Infelizmente, não consegui ir à Capela Sistina ver os frescos pintados por Miguel Ângelo para poder observar o bom trabalho que a Igreja fez depois do Concílio de Trento quando decidiu que aquilo tinha demasiada nudez e decidiu tapar tudo o que era pilinhas e pipis de uma das maiores obras-primas renascentistas. Algo compreensível se pensarmos que foi há 500 anos e era tudo uma cambada de gente grunha, mas que, infelizmente, ao olhar para as pernas tapadas da minha namorada, percebi que ainda tem repercussões nos dias de hoje. Perguntei-me se poderia entrar de vestido e com um chapéu ridículo na cabeça como os bispos, ou se poderia entrar vestido de bobo da corte do Século XI como a vestimenta palerma da Guarda Suíça. Será que poderia entrar de burka só com os olhinhos de fora? Ou a Igreja discrimina quem não tem e quem tem demasiado respeito? É certo que é difícil traçar um limite: calções abaixo do joelho?
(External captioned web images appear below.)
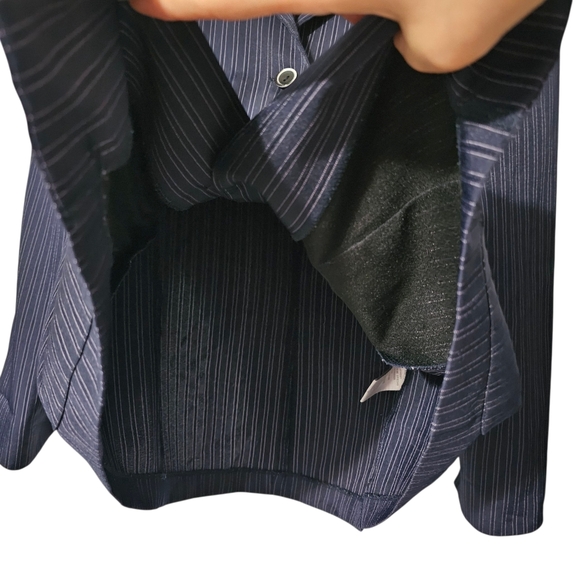 Dressbarn Pinstripe Suit Jacket - Size 14 - Picture 11 of 14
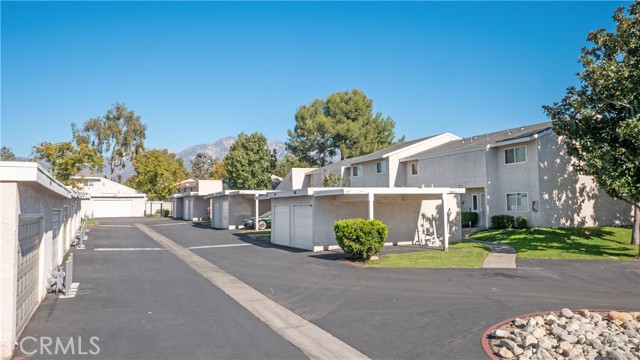 Detail Gallery Image 27 of 33 For 1408 N Elderberry Ave, Ontario,  CA 91762 - 3 Beds | 2/1 Baths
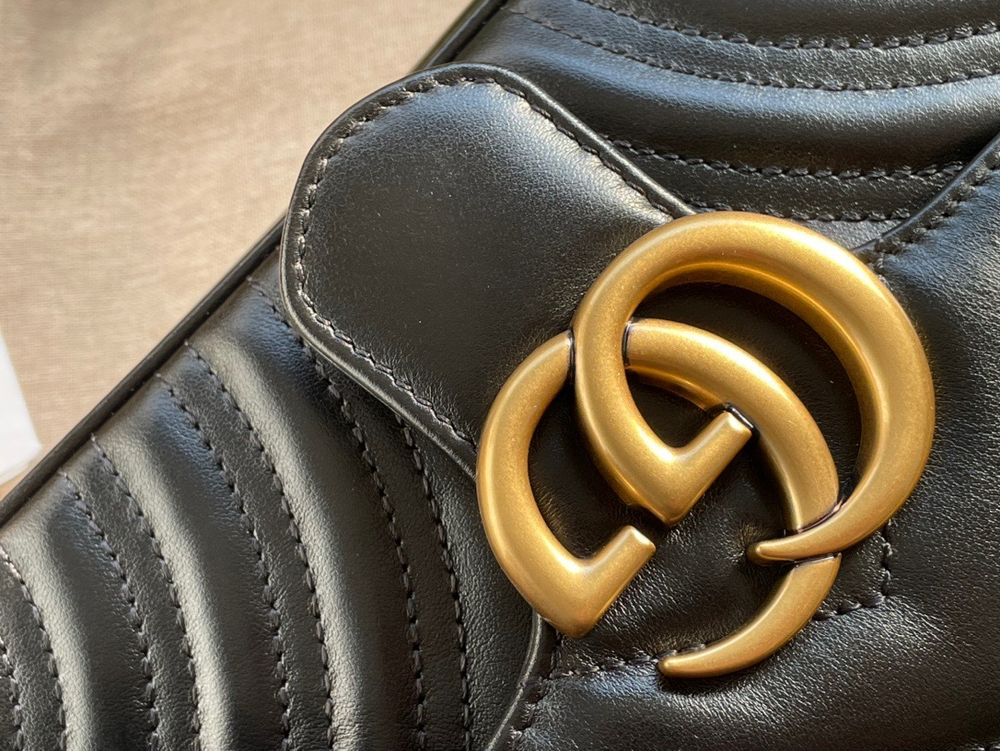 Gucci Marmont 22 cm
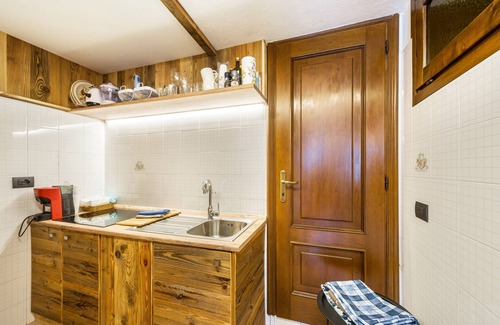Chatillon Apartamento | Apartamento 'Il Nido Di Letizia' con vistas a la montaña, jardín privado y balcón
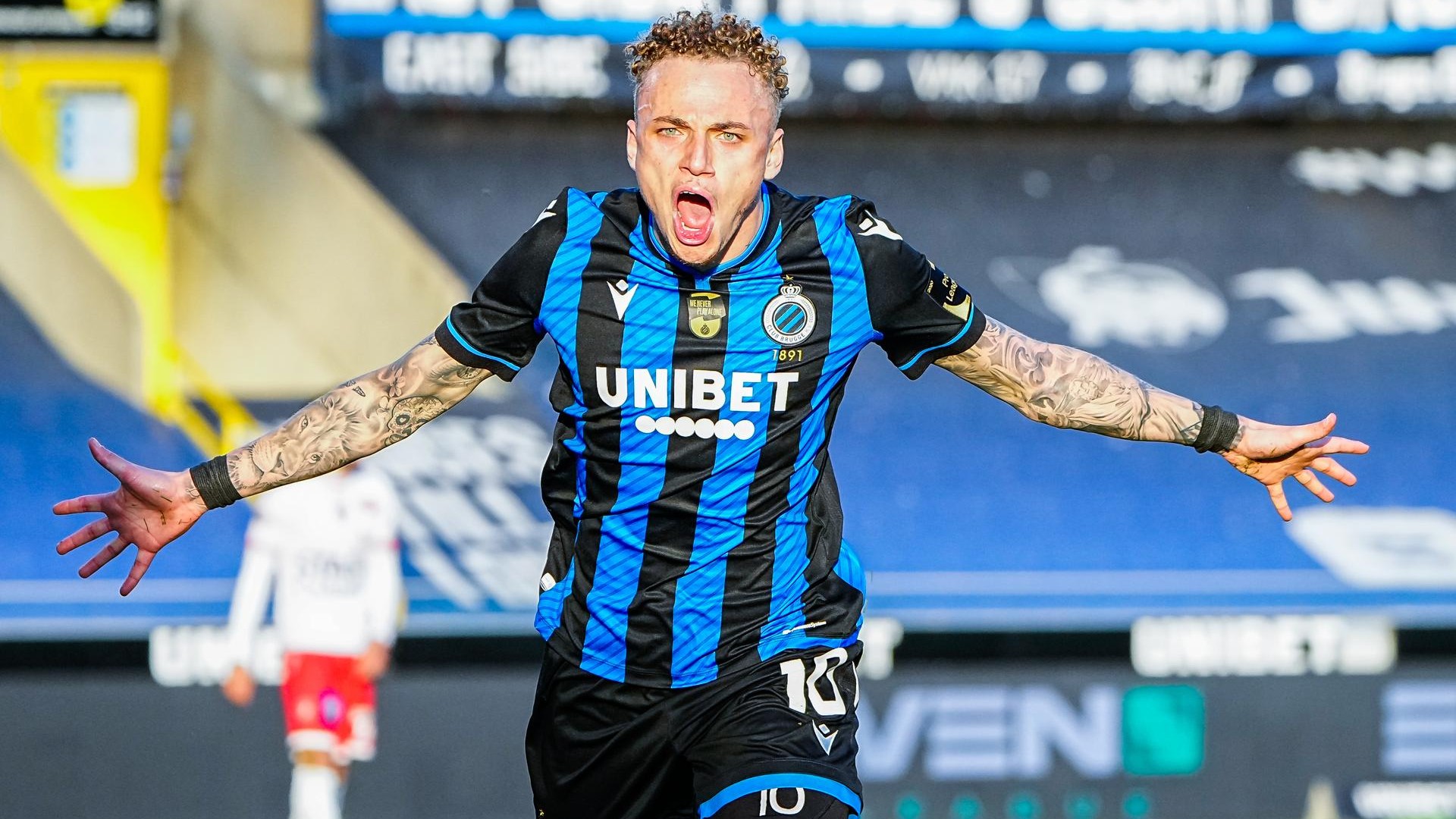 Noa Lang esulta con il Bruges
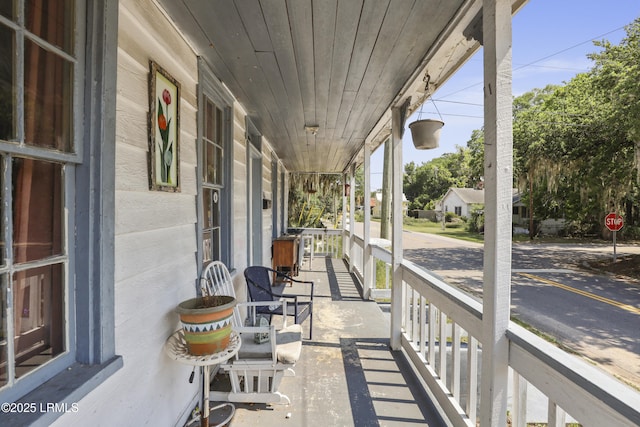 910 W St, Beaufort, SC 29902 - photo 6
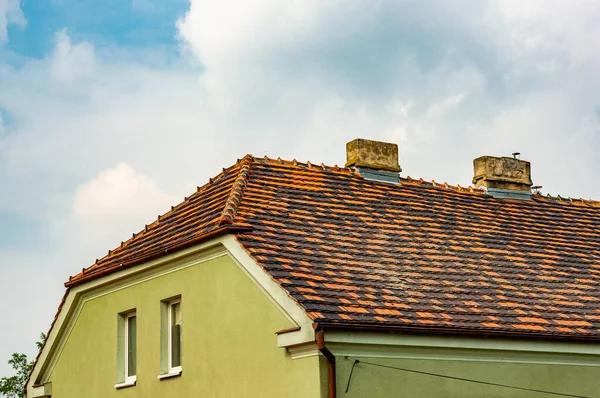 Understanding the Roof Replacement Process: A Long Beach Homeowner's Guide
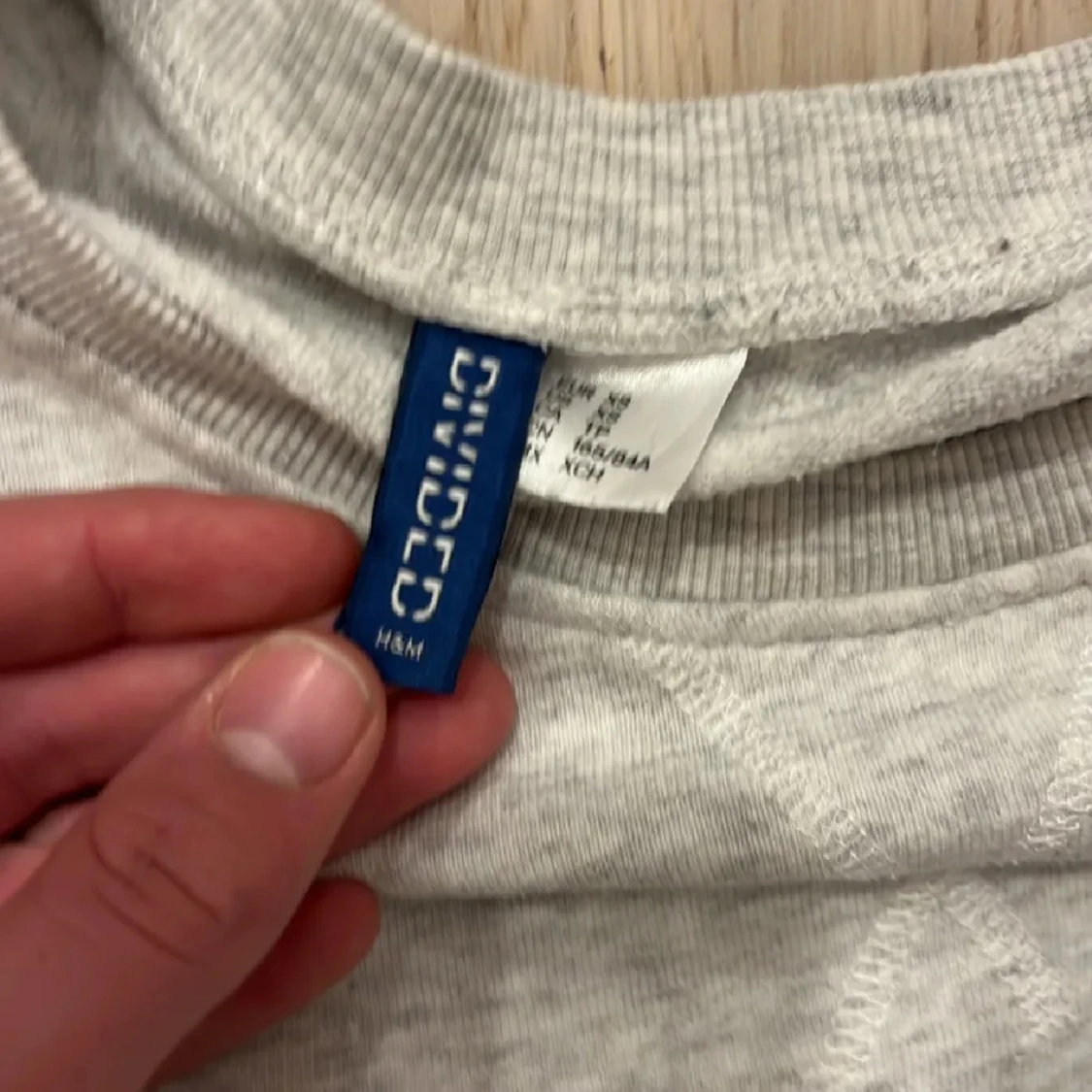Grå tröja från H&M Divided - 1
Acima? Daqueles que deixam o nalguedo a apanhar ar? Biquíni? Onde é que fica a linha da decência? Qual é que é o corte e costura da moral? No fundo, não estarão eles a assumir-se como um bando de ordinários de sexualidade reprimida e que nem podem ver uns ombrinhos ou umas pernas que começam logo a montar a tenda por baixo do hábito que não faz o monge? Parece que estou a ver Deus, de calças nos tornozelos e túnica puxada para cima, a querer bater uma divina punheta e não conseguir porque os seus lacaios mandaram tapar tudo o que era chicha da boa. Não se faz. Se Deus precisasse de controlo parental tinha-nos dado penas ou em vez de nos ter feito à Sua imagem, tinha-nos feito à imagem do Tony Ramos em que mesmo nus não se vê para além da penugem.